Het geheime geld van de vakbonden

Bij de Belgische vakbonden gaan miljoenen euro’s om. De christelijke vakbond ACV beschikt over een jaarlijks budget van zo’n kleine 250 miljoen euro, de liberale vakbond ACLVB over ongeveer 14 miljoen euro en het ABVV waarschijnlijk over 135 miljoen euro. Alleen ACV en ACLVB werden bereid gevonden om een tipje van de sluier over hun financiën te lichten. Ze wilden evenwel niet onthullen hoeveel hun oorlogsschat bedraagt, met andere woorden: hoeveel er in hun stakingskas zit.

De affaire- Faust en de affaire- Appelmans blijven nazinderen in het ABVV (Algemeen Belgisch Vakverbond). Een puinhoop van een boekhouding, uitgaven zonder factuur, achterstallige RSZ-betalingen, verdwenen geld… “Dat brengt heel wat schade toe aan de syndicale beweging,” grommelt Josly Piette, algemeen secretaris van het ACV ( Algemeen Christelijk Vakverbond).

Hij is geïrriteerd en vraagt zich ook af wat Mia De Vits eigenlijk bezielt.

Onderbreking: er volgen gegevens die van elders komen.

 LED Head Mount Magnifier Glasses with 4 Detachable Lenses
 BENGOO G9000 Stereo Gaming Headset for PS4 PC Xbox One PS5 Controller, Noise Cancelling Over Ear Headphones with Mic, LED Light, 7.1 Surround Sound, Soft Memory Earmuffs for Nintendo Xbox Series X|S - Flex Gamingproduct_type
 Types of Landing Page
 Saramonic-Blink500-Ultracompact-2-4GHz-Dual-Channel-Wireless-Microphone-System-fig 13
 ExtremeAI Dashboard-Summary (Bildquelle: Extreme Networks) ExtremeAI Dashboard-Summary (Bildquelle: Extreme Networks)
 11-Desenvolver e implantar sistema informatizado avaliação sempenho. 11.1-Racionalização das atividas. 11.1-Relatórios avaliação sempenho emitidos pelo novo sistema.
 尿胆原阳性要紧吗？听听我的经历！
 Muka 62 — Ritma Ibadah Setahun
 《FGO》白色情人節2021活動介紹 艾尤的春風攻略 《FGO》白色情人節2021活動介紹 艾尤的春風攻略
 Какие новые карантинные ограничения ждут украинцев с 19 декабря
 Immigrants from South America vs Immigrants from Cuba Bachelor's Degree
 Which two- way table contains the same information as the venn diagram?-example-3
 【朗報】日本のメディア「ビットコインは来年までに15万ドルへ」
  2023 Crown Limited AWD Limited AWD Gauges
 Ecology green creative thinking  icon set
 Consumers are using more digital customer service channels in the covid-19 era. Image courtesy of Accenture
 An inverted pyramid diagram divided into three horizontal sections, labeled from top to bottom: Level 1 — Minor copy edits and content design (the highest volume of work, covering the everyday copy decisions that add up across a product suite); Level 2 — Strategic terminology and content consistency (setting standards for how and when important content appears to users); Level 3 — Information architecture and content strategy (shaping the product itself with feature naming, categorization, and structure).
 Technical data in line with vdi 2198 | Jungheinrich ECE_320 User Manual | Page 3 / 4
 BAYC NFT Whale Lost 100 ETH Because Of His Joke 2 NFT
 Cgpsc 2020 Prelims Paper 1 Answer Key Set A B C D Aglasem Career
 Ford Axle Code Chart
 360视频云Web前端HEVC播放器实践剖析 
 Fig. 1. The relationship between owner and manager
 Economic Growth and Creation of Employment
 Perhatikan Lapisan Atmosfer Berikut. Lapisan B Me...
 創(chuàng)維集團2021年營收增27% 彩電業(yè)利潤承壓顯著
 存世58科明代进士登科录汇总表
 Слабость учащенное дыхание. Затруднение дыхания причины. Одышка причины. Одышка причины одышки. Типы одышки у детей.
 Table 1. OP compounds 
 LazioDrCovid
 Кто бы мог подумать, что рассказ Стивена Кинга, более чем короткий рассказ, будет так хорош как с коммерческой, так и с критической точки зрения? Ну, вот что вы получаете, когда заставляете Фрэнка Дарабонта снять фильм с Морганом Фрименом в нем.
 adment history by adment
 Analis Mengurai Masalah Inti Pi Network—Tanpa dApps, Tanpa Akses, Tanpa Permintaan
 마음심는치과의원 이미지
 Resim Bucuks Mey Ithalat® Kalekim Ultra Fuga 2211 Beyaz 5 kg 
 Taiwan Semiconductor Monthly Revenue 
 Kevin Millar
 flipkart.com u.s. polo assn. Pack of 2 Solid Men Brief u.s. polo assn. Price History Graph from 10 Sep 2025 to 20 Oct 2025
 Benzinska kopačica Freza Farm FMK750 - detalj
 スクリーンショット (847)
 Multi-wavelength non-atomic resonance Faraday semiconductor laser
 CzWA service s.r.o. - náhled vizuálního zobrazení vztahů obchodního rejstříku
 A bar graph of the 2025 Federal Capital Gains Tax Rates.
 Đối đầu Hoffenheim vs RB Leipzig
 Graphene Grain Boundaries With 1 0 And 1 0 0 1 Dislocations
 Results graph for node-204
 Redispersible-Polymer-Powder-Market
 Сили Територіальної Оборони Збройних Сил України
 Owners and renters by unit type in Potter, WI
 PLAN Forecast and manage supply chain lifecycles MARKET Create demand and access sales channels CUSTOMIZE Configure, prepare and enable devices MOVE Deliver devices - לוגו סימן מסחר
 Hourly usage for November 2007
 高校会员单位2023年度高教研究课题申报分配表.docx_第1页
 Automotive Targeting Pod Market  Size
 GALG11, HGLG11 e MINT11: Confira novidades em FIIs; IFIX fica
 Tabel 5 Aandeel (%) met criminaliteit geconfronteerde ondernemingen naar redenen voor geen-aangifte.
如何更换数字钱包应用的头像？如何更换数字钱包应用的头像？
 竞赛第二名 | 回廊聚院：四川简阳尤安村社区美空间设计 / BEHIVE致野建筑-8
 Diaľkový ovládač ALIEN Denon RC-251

Half oktober lanceerde de voorzitter van het ABVV via de pers een warme oproep voor de oprichting van een eenheidsvakbond. ‘De dame van gloeiend ijzer,’ zoals sommigen haar noemen, denkt weliswaar niet dat een fusie voor morgen is, maar snijdt en passant toch de kwestie van de financiën aan: “Het ACV legt vooral de nadruk op de dienstverlening. Wij blijven vóór alles een strijdvakbond,” verklaarde ze aan Het Volk. “Daarom zijn we ook armer dan de christelijke vakbond. Het ACV stond bij stakingen niet altijd aan onze zijde.” Het is dan nog maar een kleine stap om tot het besluit te komen dat het leeggebloede ABVV toenadering zoekt tot zijn rijke zusterorganisatie. Een stap die sommigen bij het ACV blijkbaar al gezet hebben. Grinnikend!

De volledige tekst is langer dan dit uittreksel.